The way we’re going to answer the question posed in the last section is purely empirically. We’re going to generate empirical distributions (histograms) of the possible values of the null hypothesis distribution to get a picture of the sampling variability that is possible, then we’re going to look at the values of our “real data” distribution and calculate the proportion of the null hypothesis distribution values less than the real data distribution values. This will give us the probability that our real data distribution could have arisen by chance if the data really came from the null hypothesis distribution.

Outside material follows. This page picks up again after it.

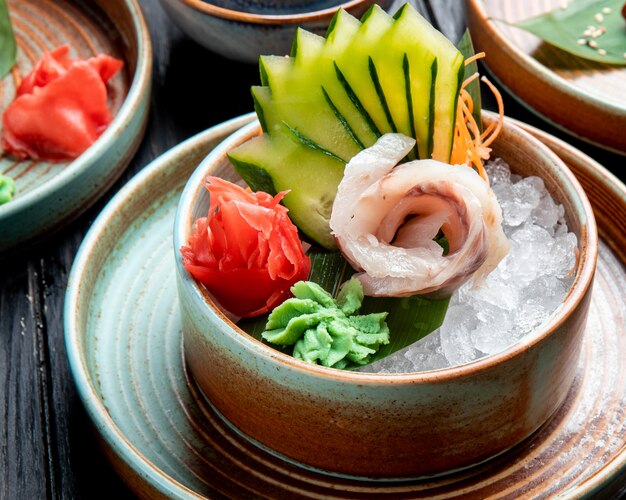 Vista lateral de filetes de arenque marinados con pepinos en rodajas de jengibre y salsa de wasabi en cubitos de hielo en un plato sobre la mesa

In words, it sounds complicated. In reality and in code, it’s not. First, we generate a large number of realisations of the null hypothesis distribution, by sampling points on the unit sphere and using KDE to produce PDFs from those point distributions in exactly the same way that we did for our real data, as shown here (code from the make-hist.hs program):

-- Generate PDF realisations.
  pdfs <- forM [1..nrealisations] $ \r -> do
    putStrLn $ "REALISATION: " ++ show r

    -- Create random data points.
    dataPts <- SV.concat <$> replicateM nData (randPt gen)
    SV.unsafeWith dataPts $ \p -> CUDA.pokeArray (3 * nData) p dDataPts

    -- Calculate kernel values for each grid point/data point
    -- combination and accumulate into grid.
    CUDA.launchKernel fun gridSize blockSize 0 Nothing
      [CUDA.IArg (fromIntegral nData), CUDA.VArg dDataPts, CUDA.VArg dPdf]
    CUDA.sync
    res <- SVM.new (ntheta * nphi)
    SVM.unsafeWith res $ \p -> CUDA.peekArray (ntheta * nphi) dPdf p
    unnormv <- SV.unsafeFreeze res
    let unnorm = reshape nphi unnormv

    -- Normalise.
    let int = dtheta * dphi * sum (zipWith doone sinths (toRows unnorm))
    return $ cmap (realToFrac . (/ int)) unnorm :: IO (Matrix Double)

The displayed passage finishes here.